### [ASSIGNMENT]
In the entries that follow, the lines from the one with "หลวงปู่มีชัย รุ่นเงินไหลมา พระผงพิมพ์ลึก" through the one with "Polres Halteng Bantu" are the ones to write out, exactly and with both ends included. Nothing else should appear.

Records from a data collection

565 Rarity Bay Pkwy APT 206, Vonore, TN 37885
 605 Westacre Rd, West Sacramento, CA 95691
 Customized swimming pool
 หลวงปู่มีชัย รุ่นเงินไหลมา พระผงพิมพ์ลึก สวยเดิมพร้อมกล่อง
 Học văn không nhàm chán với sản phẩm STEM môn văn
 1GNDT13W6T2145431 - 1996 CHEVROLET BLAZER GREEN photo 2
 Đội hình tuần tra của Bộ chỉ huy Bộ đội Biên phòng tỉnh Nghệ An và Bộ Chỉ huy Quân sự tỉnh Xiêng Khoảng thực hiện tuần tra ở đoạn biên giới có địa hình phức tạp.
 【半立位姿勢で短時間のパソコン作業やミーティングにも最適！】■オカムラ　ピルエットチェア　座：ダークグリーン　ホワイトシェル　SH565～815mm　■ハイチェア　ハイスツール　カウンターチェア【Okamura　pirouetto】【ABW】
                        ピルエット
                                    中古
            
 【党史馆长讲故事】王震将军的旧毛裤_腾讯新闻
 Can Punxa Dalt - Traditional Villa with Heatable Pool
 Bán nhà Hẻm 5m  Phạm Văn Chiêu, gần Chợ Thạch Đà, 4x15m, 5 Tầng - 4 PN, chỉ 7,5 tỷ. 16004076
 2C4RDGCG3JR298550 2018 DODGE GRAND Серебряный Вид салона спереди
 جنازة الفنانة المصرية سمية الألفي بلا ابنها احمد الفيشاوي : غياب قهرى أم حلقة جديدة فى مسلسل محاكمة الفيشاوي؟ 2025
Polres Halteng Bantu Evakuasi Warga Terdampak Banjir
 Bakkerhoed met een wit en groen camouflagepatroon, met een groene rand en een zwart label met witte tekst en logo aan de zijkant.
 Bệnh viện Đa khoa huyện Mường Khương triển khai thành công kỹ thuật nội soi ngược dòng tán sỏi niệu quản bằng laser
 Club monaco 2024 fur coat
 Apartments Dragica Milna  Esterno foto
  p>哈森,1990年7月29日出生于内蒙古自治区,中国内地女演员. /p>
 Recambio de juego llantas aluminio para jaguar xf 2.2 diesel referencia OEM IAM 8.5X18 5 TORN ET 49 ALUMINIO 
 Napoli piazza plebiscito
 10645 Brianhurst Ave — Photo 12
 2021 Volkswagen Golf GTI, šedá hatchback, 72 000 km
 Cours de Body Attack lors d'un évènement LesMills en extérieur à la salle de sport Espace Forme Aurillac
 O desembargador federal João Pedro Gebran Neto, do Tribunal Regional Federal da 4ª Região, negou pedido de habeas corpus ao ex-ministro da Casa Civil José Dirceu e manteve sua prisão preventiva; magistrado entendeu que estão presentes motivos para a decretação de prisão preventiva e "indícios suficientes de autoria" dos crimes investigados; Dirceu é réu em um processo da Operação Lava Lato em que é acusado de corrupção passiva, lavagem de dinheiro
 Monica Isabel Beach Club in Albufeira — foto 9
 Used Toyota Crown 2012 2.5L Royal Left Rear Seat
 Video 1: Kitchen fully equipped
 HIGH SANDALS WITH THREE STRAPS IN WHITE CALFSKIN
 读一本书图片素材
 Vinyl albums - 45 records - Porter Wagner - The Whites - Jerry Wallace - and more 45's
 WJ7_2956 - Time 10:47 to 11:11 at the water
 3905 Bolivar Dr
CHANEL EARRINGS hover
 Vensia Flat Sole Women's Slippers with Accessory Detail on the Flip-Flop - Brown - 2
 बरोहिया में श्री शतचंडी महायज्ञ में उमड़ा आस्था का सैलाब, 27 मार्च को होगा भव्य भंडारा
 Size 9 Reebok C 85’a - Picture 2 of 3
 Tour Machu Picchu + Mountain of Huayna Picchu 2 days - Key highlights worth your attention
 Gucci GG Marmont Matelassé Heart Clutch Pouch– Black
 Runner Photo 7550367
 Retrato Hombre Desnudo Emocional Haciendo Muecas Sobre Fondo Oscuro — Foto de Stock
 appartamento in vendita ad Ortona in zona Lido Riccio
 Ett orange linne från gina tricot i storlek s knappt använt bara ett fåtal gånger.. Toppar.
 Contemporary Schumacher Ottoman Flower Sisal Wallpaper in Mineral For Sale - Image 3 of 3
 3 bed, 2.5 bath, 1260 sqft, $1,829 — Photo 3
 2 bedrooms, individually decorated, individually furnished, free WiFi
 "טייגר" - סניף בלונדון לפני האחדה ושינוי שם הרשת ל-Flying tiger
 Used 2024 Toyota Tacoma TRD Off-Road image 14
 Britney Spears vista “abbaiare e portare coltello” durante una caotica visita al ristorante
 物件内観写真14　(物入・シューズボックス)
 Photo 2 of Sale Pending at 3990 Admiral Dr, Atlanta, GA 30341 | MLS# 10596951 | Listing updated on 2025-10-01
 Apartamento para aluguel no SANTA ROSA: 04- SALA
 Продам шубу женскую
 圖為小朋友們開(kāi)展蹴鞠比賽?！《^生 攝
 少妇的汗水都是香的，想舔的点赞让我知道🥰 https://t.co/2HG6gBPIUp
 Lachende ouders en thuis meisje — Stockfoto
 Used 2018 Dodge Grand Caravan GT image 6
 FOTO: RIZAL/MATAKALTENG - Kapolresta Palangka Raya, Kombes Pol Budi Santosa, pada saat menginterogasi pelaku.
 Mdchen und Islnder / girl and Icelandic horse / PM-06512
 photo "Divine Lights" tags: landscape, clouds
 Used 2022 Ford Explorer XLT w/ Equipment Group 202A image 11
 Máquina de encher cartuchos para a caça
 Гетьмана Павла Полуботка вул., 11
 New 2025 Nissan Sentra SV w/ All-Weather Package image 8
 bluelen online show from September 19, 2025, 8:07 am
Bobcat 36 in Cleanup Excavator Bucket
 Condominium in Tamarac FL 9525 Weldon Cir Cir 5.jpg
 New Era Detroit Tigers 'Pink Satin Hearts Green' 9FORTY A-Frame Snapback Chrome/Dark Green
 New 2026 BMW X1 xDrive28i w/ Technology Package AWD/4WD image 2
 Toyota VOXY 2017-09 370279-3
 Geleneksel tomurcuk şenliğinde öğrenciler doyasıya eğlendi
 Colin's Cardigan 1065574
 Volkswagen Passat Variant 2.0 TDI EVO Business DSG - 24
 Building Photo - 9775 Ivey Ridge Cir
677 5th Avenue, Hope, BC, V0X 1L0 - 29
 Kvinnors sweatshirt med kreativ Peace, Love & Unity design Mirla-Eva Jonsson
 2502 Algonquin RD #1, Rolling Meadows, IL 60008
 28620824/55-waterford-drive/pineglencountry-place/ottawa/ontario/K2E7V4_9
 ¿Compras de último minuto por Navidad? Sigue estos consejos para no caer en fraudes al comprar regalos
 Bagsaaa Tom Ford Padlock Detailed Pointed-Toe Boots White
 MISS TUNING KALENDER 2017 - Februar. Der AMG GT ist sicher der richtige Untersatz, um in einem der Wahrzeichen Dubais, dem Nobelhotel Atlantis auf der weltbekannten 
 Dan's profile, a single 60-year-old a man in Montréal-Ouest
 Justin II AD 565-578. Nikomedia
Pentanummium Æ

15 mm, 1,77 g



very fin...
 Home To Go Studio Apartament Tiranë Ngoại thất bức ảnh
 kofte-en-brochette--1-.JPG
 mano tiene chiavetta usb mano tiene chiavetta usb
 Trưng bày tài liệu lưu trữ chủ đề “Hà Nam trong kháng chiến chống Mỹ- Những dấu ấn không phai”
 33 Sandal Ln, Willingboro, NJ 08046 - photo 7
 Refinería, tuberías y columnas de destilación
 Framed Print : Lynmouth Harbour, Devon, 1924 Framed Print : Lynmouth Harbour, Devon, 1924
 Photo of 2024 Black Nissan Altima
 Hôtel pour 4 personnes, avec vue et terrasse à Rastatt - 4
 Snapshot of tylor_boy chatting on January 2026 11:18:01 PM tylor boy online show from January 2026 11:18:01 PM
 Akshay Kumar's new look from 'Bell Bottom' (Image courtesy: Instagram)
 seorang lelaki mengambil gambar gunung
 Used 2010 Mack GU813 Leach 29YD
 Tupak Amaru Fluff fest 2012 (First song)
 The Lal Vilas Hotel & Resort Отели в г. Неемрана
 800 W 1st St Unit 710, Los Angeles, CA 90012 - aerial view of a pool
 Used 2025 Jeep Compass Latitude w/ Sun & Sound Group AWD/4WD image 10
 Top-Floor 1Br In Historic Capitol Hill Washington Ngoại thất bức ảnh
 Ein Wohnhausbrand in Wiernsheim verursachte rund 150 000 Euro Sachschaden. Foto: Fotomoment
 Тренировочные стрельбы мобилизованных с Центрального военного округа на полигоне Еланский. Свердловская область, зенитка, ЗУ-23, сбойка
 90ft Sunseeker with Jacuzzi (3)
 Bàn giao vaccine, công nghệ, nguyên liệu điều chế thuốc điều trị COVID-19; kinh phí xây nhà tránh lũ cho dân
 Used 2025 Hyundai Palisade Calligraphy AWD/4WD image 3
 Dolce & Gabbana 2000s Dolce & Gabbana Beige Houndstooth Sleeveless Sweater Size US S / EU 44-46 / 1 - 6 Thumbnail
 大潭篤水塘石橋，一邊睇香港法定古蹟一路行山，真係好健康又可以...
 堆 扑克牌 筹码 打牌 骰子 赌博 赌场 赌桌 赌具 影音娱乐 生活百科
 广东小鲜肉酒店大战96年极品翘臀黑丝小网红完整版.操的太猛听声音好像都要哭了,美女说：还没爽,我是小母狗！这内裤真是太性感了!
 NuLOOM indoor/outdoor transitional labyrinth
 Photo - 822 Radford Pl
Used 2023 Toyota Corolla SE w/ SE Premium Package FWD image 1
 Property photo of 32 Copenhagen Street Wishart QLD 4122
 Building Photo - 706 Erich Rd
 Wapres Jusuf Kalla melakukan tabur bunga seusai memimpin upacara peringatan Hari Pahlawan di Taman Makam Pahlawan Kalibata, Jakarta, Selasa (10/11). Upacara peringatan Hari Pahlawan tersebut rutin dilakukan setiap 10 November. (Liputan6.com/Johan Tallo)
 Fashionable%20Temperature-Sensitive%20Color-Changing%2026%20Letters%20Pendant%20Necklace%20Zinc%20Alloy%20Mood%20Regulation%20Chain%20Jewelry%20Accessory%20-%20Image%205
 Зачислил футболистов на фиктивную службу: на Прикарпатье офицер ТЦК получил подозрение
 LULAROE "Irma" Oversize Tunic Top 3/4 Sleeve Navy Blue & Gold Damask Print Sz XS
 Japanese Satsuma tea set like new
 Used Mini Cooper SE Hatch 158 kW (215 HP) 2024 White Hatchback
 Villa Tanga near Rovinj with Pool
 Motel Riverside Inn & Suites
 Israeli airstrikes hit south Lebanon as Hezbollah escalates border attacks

### [SOLUTION TO THE PROBLEM]
 หลวงปู่มีชัย รุ่นเงินไหลมา พระผงพิมพ์ลึก สวยเดิมพร้อมกล่อง
 Học văn không nhàm chán với sản phẩm STEM môn văn
 1GNDT13W6T2145431 - 1996 CHEVROLET BLAZER GREEN photo 2
 Đội hình tuần tra của Bộ chỉ huy Bộ đội Biên phòng tỉnh Nghệ An và Bộ Chỉ huy Quân sự tỉnh Xiêng Khoảng thực hiện tuần tra ở đoạn biên giới có địa hình phức tạp.
 【半立位姿勢で短時間のパソコン作業やミーティングにも最適！】■オカムラ　ピルエットチェア　座：ダークグリーン　ホワイトシェル　SH565～815mm　■ハイチェア　ハイスツール　カウンターチェア【Okamura　pirouetto】【ABW】
                        ピルエット
                                    中古
            
 【党史馆长讲故事】王震将军的旧毛裤_腾讯新闻
 Can Punxa Dalt - Traditional Villa with Heatable Pool
 Bán nhà Hẻm 5m  Phạm Văn Chiêu, gần Chợ Thạch Đà, 4x15m, 5 Tầng - 4 PN, chỉ 7,5 tỷ. 16004076
 2C4RDGCG3JR298550 2018 DODGE GRAND Серебряный Вид салона спереди
 جنازة الفنانة المصرية سمية الألفي بلا ابنها احمد الفيشاوي : غياب قهرى أم حلقة جديدة فى مسلسل محاكمة الفيشاوي؟ 2025
Polres Halteng Bantu Evakuasi Warga Terdampak Banjir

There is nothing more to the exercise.